The time derivate of the above equations is found as follows:

${\displaystyle {\begin{array}{ccc}{\dfrac {dx_{1}}{dt}}&=&{\dfrac {\partial x_{1}}{\partial \theta _{1}}}{\dfrac {d\theta _{1}}{dt}}+\cdots +{\dfrac {\partial x_{1}}{\partial \theta _{n}}}{\dfrac {d\theta _{n}}{dt}}\\\vdots &&\vdots \\{\dfrac {dx_{m}}{dt}}&=&{\dfrac {\partial x_{m}}{\partial \theta _{1}}}{\dfrac {d\theta _{1}}{dt}}+\cdots +{\dfrac {\partial x_{m}}{\partial \theta _{n}}}{\dfrac {d\theta _{n}}{dt}}\end{array}}}$ 

This can be written in vector form:

${\displaystyle v=J{\frac {d\theta }{dt}}}$ 

The matrix ${\displaystyle J}$  is called the Jacobian, the matrix of which the elements are the partial derivatives of the kinematics equations. The relationship between the end-effector velocity and the (known) joint velocities is thus fully described by the Jacobian. The end-effector velocity is a linear function of the joint velocities.

${\displaystyle J={\begin{pmatrix}{\frac {\partial x_{1}}{\partial \theta _{1}}}&\cdots &{\frac {\partial x_{1}}{\partial \theta _{n}}}\\\vdots &\ddots &\vdots \\{\frac {\partial x_{m}}{\partial \theta _{1}}}&\cdots &{\frac {\partial x_{m}}{\partial \theta _{n}}}\end{pmatrix}}}$ 

This example presents a slightly other way of solving the above problem. The position kinematics equations of this manipulator can be easily derived using the technique presented in the Serial Manipulator Position Kinematics section, or graphically from looking at the figure above:

${\displaystyle {\begin{array}{l}x=l_{1}\cos(\theta _{1})+l_{2}\cos(\theta _{1}+\theta _{2})\\y=l_{1}\sin(\theta _{1})+l_{2}\sin(\theta _{1}+\theta _{2})\end{array}}}$ 

Here, the Jacobian is:

${\displaystyle J={\begin{pmatrix}-l_{1}\sin(\theta _{1})-l_{2}\sin(\theta _{1}+\theta _{2})&-l_{2}\sin(\theta _{1}+\theta _{2})\\l_{1}\cos(\theta _{1})+l_{2}\cos(\theta _{1}+\theta _{2})&l_{2}\cos(\theta _{1}+\theta _{2})\\\end{pmatrix}}}$ 

Hence, the end-effector velocity is:

${\displaystyle {\begin{array}{ccc}{\dfrac {dx}{dt}}&=&\left[-l_{1}\sin(\theta _{1})-l_{2}\sin(\theta _{1}+\theta _{2})\right]{\dfrac {d\theta _{1}}{dt}}-l_{2}\sin(\theta _{1}+\theta _{2}){\dfrac {d\theta _{2}}{dt}}\\{\dfrac {dy}{dt}}&=&\left[l_{1}\cos(\theta _{1})+l_{2}\cos(\theta _{1}+\theta _{2})\right]{\dfrac {d\theta _{1}}{dt}}+l_{2}\cos(\theta _{1}+\theta _{2}){\dfrac {d\theta _{2}}{dt}}\\\end{array}}}$ 

Note that the end-effector's angular velocity is, of course, the sum of the joint velocities. Another possibility that yields exactly the same result would be to explicitly include the equation for angular velocity and then calculate the Jacobian accordingly. This result is, as could already be expected, the same as the one in the above example, where the link transformation matrices were used to achieve the result.
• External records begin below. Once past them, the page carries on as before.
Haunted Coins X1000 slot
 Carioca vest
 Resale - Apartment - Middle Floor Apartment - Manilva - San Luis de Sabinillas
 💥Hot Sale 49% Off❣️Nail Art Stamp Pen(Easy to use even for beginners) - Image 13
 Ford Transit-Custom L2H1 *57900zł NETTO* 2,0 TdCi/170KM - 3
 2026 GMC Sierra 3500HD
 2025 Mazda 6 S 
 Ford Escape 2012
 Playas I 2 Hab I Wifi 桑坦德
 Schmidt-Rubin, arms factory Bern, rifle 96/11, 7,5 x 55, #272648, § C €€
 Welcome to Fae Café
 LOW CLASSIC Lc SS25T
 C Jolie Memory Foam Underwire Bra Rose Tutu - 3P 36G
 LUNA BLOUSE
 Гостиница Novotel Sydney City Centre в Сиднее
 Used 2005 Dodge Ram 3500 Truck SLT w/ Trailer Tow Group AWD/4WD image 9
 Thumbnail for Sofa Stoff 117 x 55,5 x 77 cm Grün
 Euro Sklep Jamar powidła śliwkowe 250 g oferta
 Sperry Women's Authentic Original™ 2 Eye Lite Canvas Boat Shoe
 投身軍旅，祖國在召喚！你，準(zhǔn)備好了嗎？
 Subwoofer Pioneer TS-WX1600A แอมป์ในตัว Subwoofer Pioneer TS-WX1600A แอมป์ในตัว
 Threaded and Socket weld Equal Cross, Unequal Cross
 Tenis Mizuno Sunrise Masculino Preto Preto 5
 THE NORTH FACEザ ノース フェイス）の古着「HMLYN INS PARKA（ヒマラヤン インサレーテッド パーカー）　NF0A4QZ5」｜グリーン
This problem can easily be solved by inverting the Jacobian...

If the Jacobian ${\displaystyle J}$  is invertible, inverting it can be used to easily calculate the joint velocities if the (Cartesian) end-effector velocity is given. Locations (combinations of ${\displaystyle \theta _{i}}$  where the Jacobian is not invertible are called singularities. Setting the determinant of ${\displaystyle J}$  equal to zero and solving for ${\displaystyle \theta }$  allows for finding these singularities. These positions correspond to the loss of a degree of freedom.